The Guidelines, summarising present regulations on continuous supervision, provides sponsors and financial advisors with an overview of requirements regarding continuous supervision. The Guidelines prescribe that sponsors and financial advisors are required to submit annual and final reports on continuous supervision to the SSE on a regular basis.
The Guidelines also set specific rules if problems occur in current continuous supervision practices. If shareholders make promises about transfer prices in equity division reform, sponsors should work out continuous supervision plans together with relevant shareholders and their designated securities brokers to ensure that the relevant shareholders do not break their promises.
The Guidelines also cover possible failures in due diligence by sponsors and financial advisors. The Guidelines specify relevant supervision measures including interview and the issuance of supervisory attention letters etc. The SSE may circulate its criticism and make public censure towards relevant sponsors, representatives of sponsors, financial advisors and responsible officers for serious violations.
According to an SSE official, the next stage for the SSE is to detail the content and format of annual and final reports on continuous supervision.
Source: Shanghai Stock Exchange (see archive)

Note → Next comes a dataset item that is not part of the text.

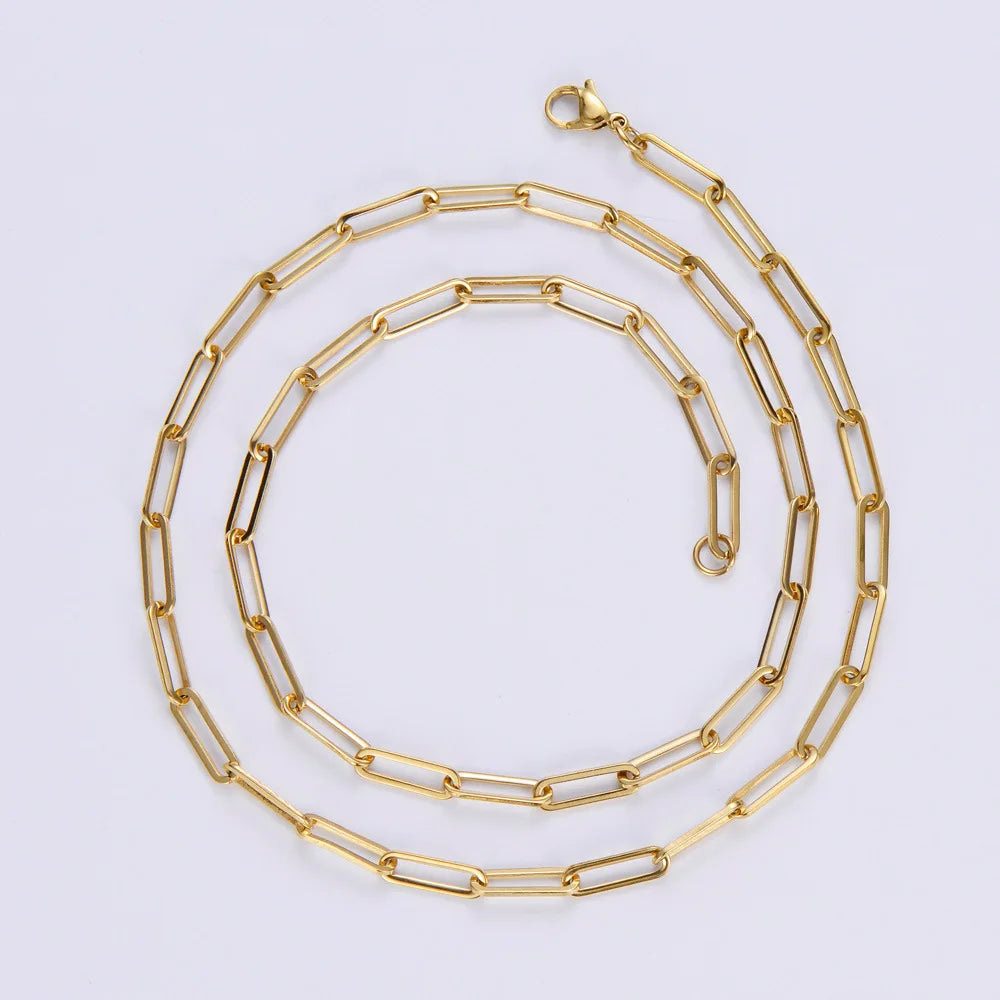 New Gold PVD Plated Paperclip Chain Necklace Bracelet Jewelry 18k Gold Paperclip Necklace Stainless Steel Paperclip Link Chain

Banking regulator to ensure loans enter the real economy
On 27th July, the China Banking Regulatory Commission (CBRC) formally issued ‘Provisional Measures on Fixed-asset Loan Management’ to ensure that bank loans enter the real economy. The measures will take effect three months after the date of release.
The measures will apply to loans issued for four major types of investment project: infrastructure, upgrades and renovation, real estate development and miscellaneous fixed-asset investment projects.
The measures will be implemented by managing the entire loans process to enhance banks’ risk management capabilities, and ensuring that loans enter the accounts of contracted parties and that the money is used for the specified purpose.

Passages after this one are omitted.